Quand Éva réalisa enfin qu’elle était réveillée, presque en équilibre à genou sur son fauteuil, elle remarqua qu’elle portait une couverture légère sur les épaules. Elle soupira tout en se laissant retomber contre le dossier. Tandis qu’elle retrouvait ses esprits, elle découvrit en face d’elle un blond aux cheveux courts, toujours impeccablement habillé avec son costume sans manches à la couleur vert sombre. Gabriel était en train de fumer une cigarette comme un gamin qui se planquait pour ne pas se faire prendre, assis sur le bord du toit, les pieds dans le vide. Il l’avait sûrement réveillée. Éva eut sa confirmation en remarquant qu’il portait ses gants, c’était bien lui qui venait de la secouer. Elle finit par grommeler :
— Comment t’as su que j’étais là ? Personne m’a vu arriver ici…
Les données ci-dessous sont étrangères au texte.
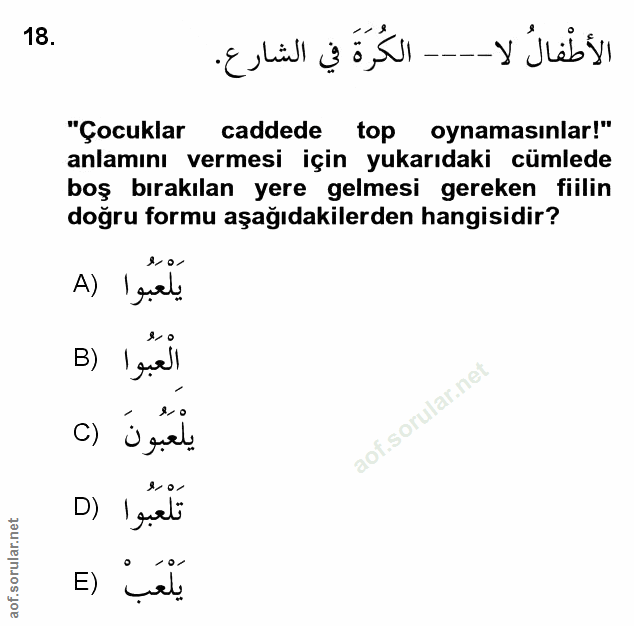 Soru 18
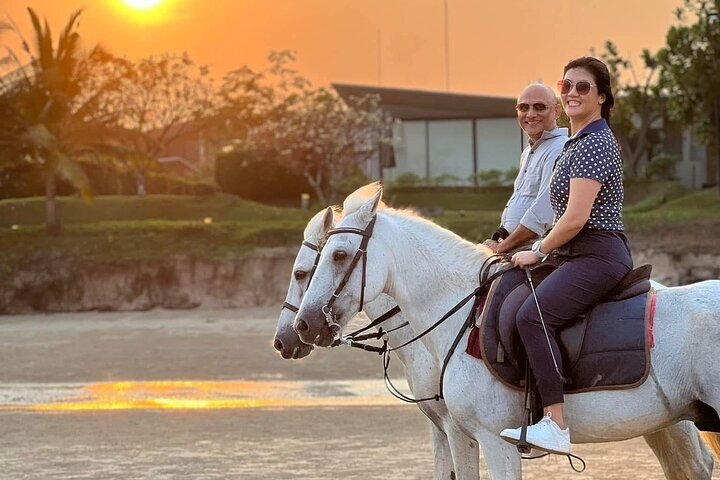 Horse Riding for All Skill Levels at Hua Hin Beach & Forest Trail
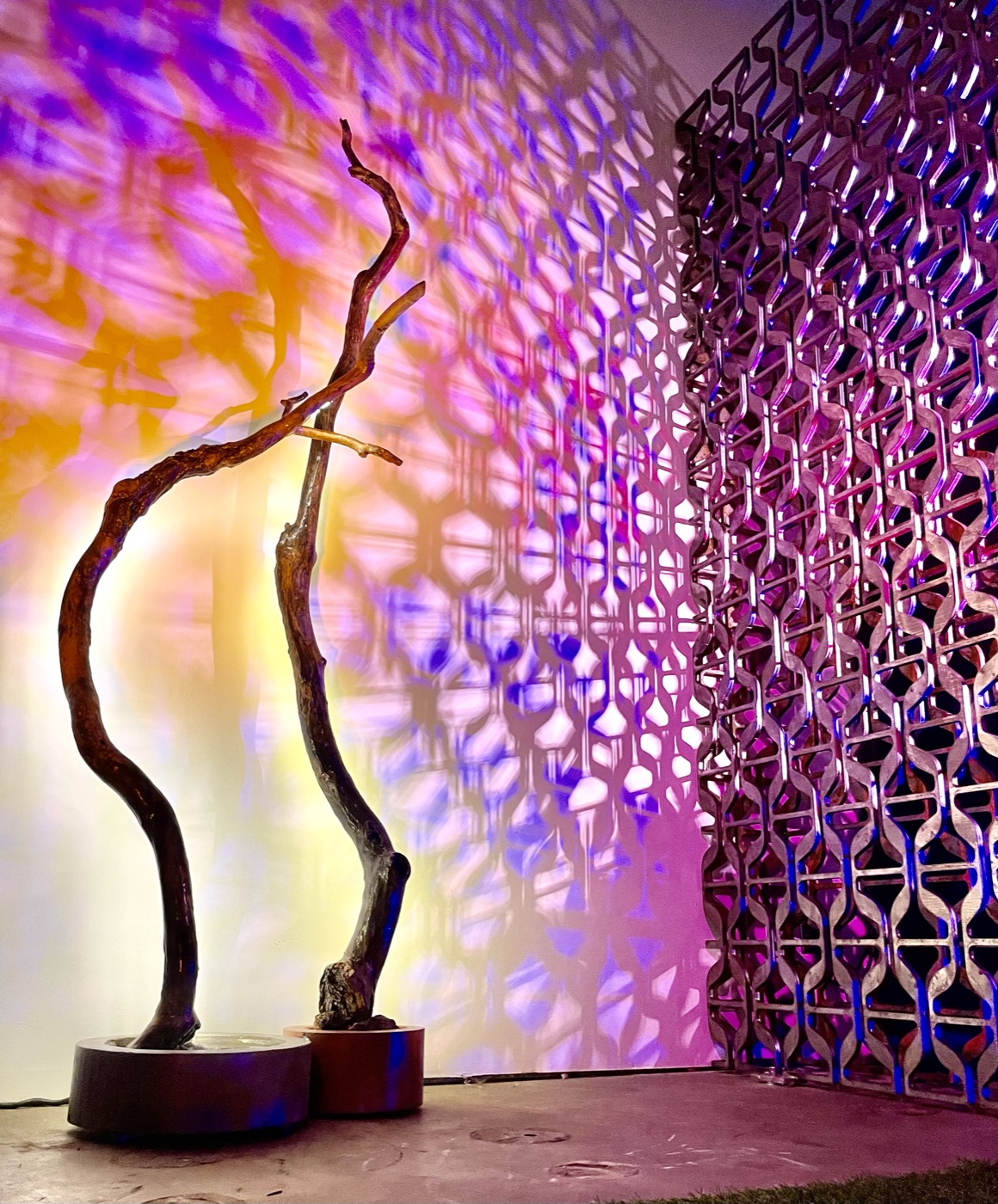 Driftwood sculpture against a backlit laser-cut steel screen washed in color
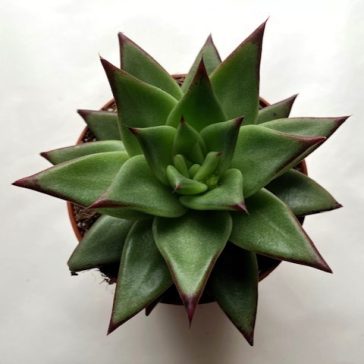 Echeveria agavoides 'Ebony'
Il jeta sa cigarette en l’entendant et il se releva pour la rejoindre. Ses yeux bleus semblaient bien fatigués ce soir, nota-t-elle en détournant son regard. Gabriel s’amusa avec assurance :
— Ton grand frère adoré sait toujours où tu traines petite chamane ! Je serais la risée de ma famille si je ne savais pas où chercher mes informations.
— Bouffon…
Le mot dans cette étrange langue lui avait échappé, mais Gabriel avait tellement l’habitude de l’entendre qu’il ne formalisait plus même s’il se doutait que c’était loin d’être flatteur pour lui. Cependant, elle devait reconnaitre que les Taohen excellaient quand il s’agissait d’obtenir et transmettre des informations en toute discrétion. Éva le soupçonnait d’en fournir parfois au Méridien alors que c’était extrêmement risqué, et pas que pour lui. Sa mère, la Gouvernante, serait dans l’obligation de répondre aux représailles des Dreamers ou de prouver encore et encore leur neutralité pour empêcher un nouveau drame comme à Bogota. En même temps que Gabriel approchait, Éva soupira en remettant ses gants, autant par sécurité pour éviter de le toucher par erreur que pour cacher sa main de métal.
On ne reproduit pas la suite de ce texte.